• _THE TASK_: Exclude the pictures. Transcribe exactly, and only, the lines from the one holding "Coach Tan and" to the end of the material below.

• _INFORMATION SHOWN_:
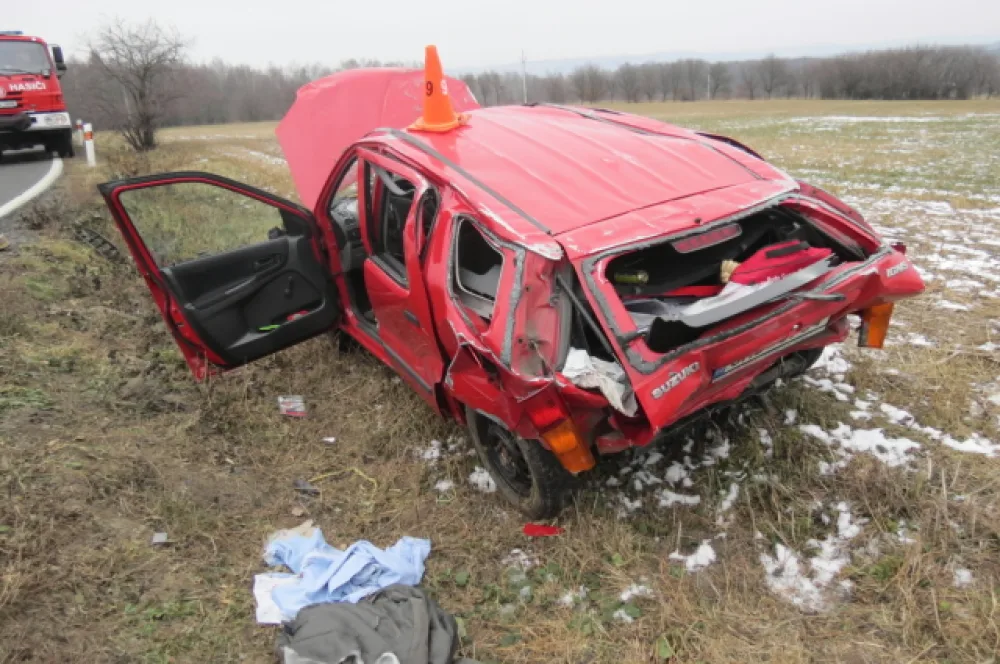 FOTO: Při tragické nehodě zemřel řidič. Auto se odmrštilo a několikrát se přetočilo přes střechu
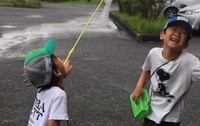 2人で爆笑！驚きのその理由とは…（提供：@chekichekicherryさん）※画像はトリミングしています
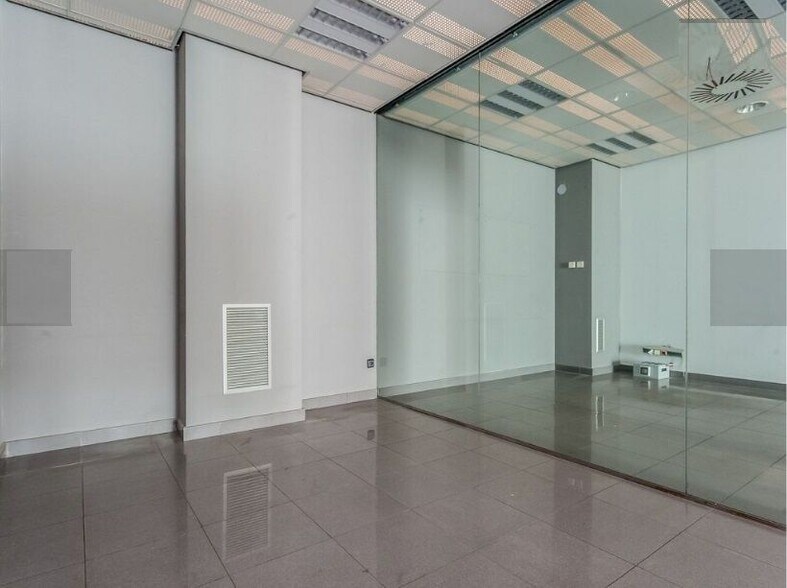 Nave en San Sebastián de los Reyes, Madrid en venta - Foto del interior - Imagen 2 de 5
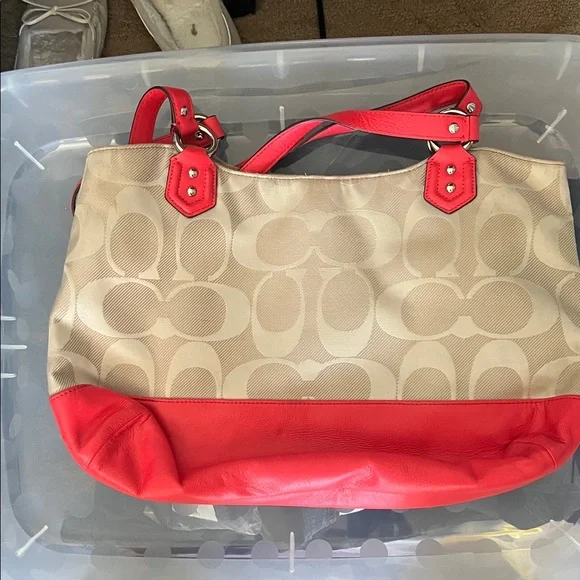 Coach Tan and Pink Shoulder Bag - Picture 2 of 3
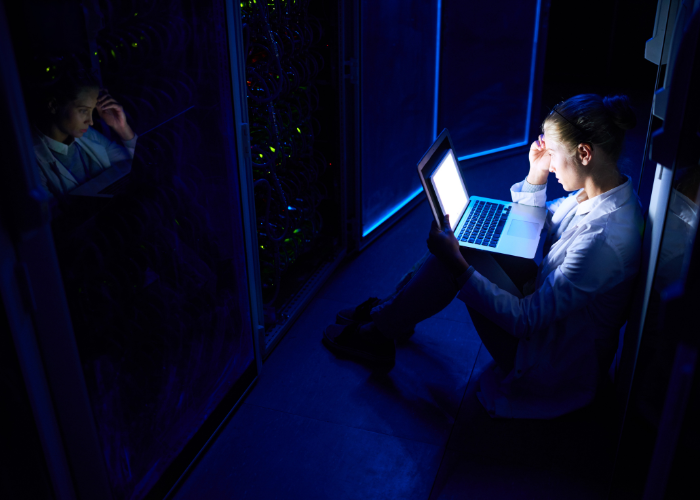 Modré světlo a pleť: tichý faktor, který urychluje stárnutí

• _ANSWER FOR THE TASK_:
 Coach Tan and Pink Shoulder Bag - Picture 2 of 3
 Modré světlo a pleť: tichý faktor, který urychluje stárnutí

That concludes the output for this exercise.